---------- DATA FOR THIS TASK ----------

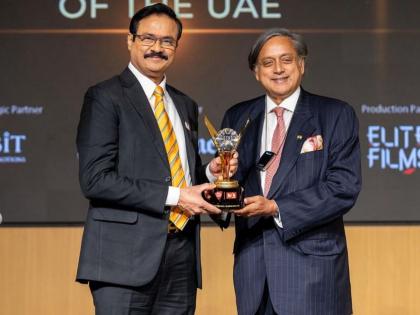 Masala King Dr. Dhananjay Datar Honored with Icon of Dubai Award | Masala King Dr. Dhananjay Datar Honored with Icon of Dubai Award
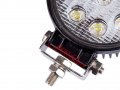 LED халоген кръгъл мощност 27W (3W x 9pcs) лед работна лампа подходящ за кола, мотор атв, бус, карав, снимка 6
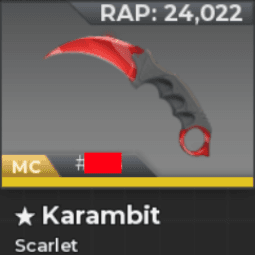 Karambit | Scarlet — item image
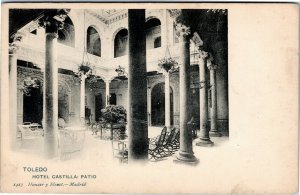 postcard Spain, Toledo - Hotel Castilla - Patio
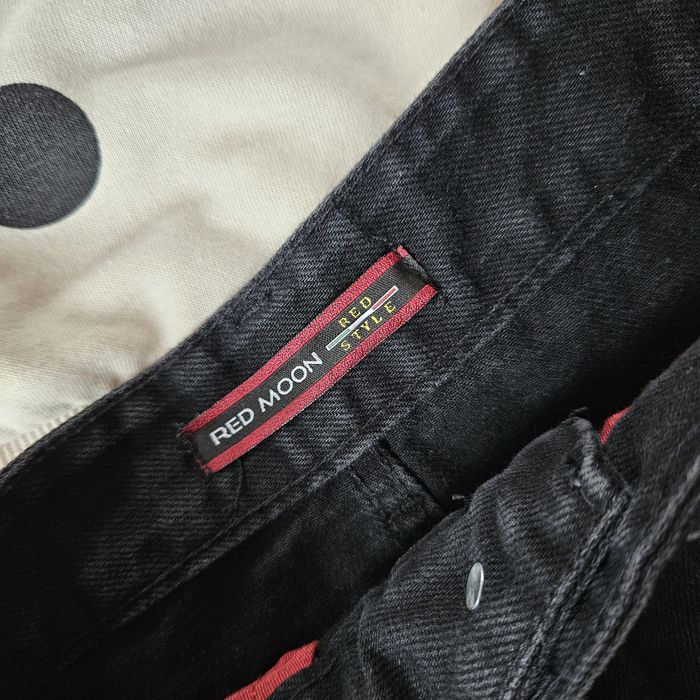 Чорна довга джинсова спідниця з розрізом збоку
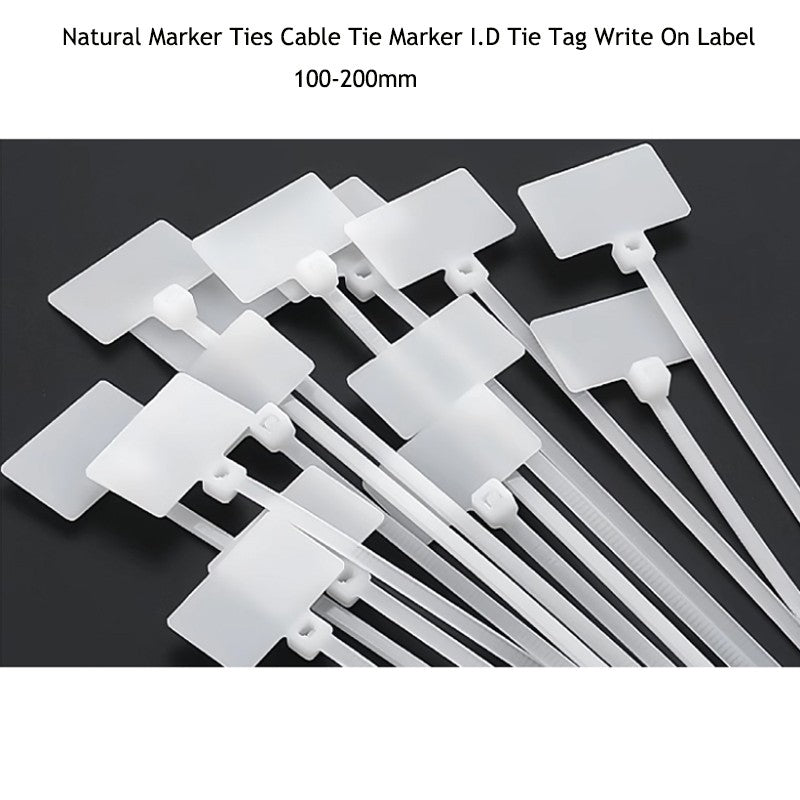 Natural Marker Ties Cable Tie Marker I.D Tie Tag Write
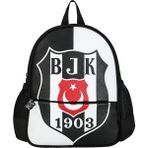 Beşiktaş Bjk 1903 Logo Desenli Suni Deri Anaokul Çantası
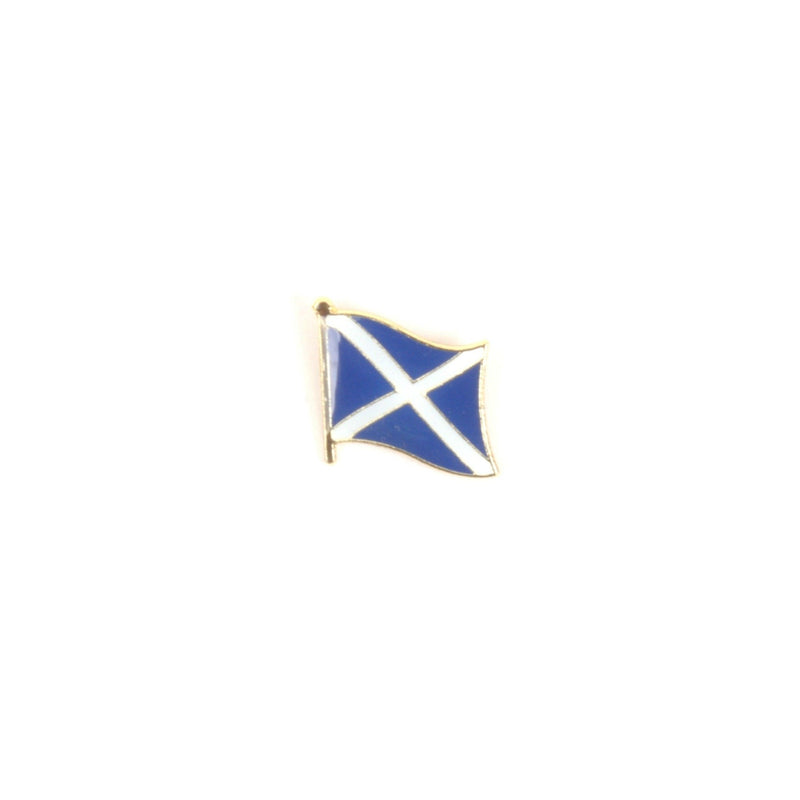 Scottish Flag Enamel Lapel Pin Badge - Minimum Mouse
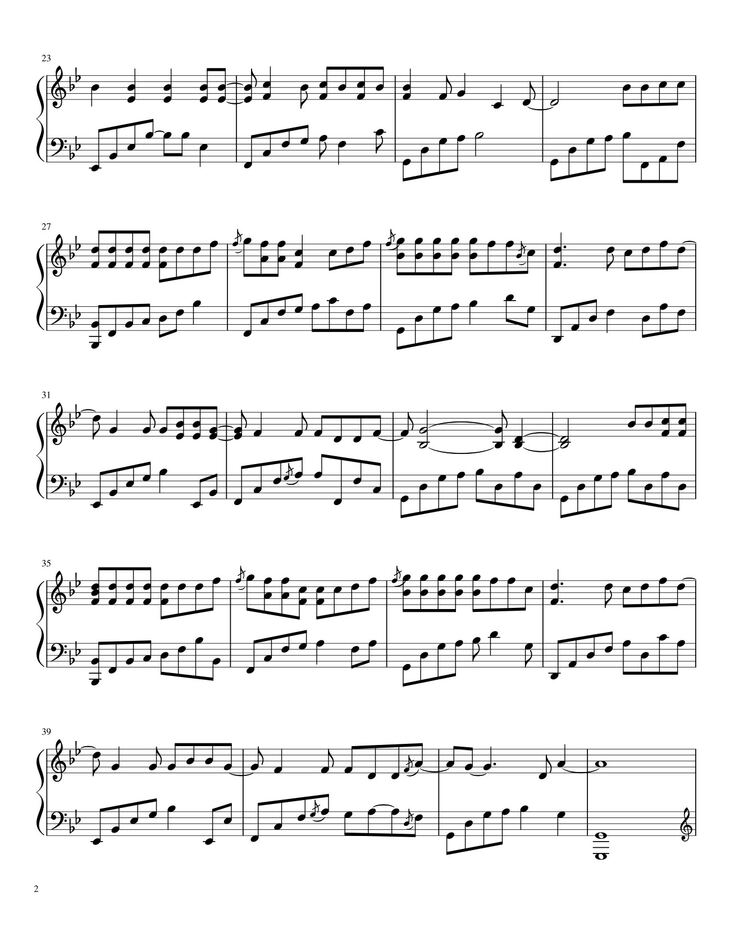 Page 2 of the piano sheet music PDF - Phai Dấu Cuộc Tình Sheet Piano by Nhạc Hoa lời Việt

----------
---------- DATA FOR THIS TASK ----------

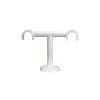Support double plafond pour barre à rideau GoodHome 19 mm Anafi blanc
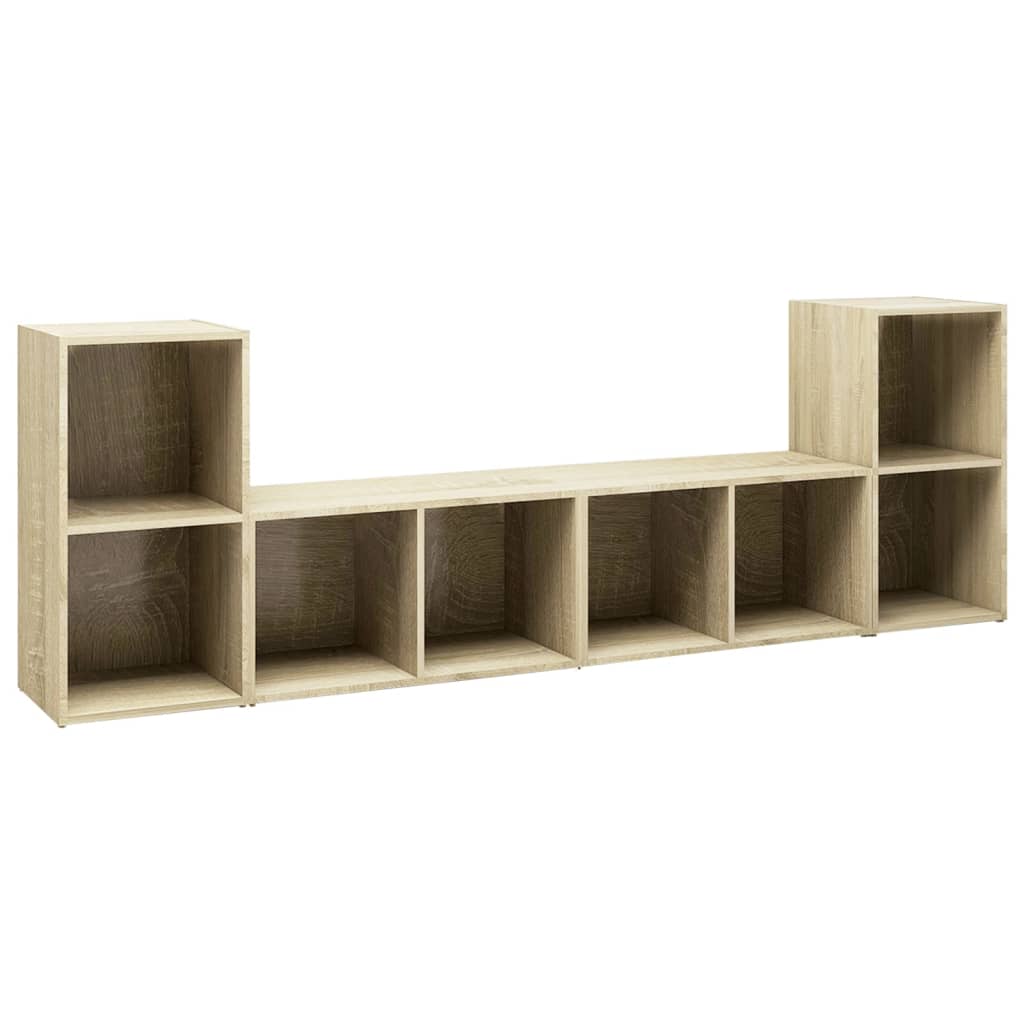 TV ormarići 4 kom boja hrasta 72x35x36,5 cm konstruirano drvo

----------
---------- DATA FOR THIS TASK ----------

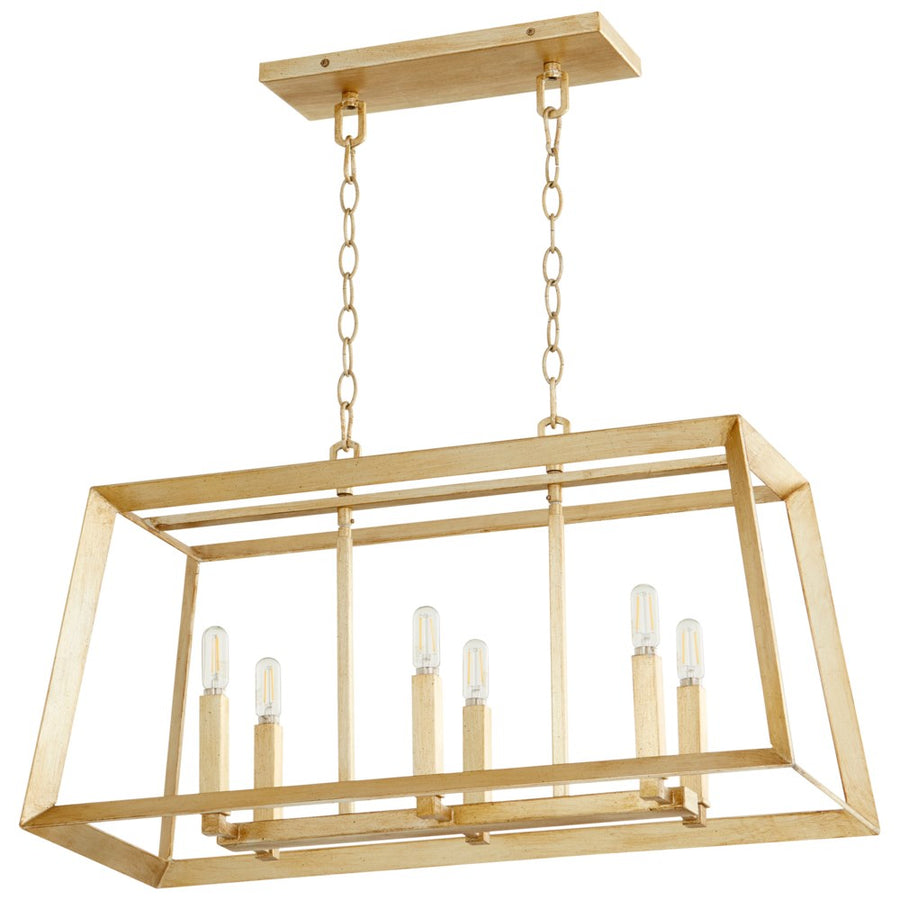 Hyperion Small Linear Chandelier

----------

## WHAT YOU HAVE TO DO
Among the entries above, take the line with "postcard Spain, Toledo", the line with "Page 2 of the", and all the lines between them, and restate them word for word without pictures.

## OUTPUT
 postcard Spain, Toledo - Hotel Castilla - Patio
 Чорна довга джинсова спідниця з розрізом збоку
 Natural Marker Ties Cable Tie Marker I.D Tie Tag Write
 Beşiktaş Bjk 1903 Logo Desenli Suni Deri Anaokul Çantası
 Scottish Flag Enamel Lapel Pin Badge - Minimum Mouse
 Page 2 of the piano sheet music PDF - Phai Dấu Cuộc Tình Sheet Piano by Nhạc Hoa lời Việt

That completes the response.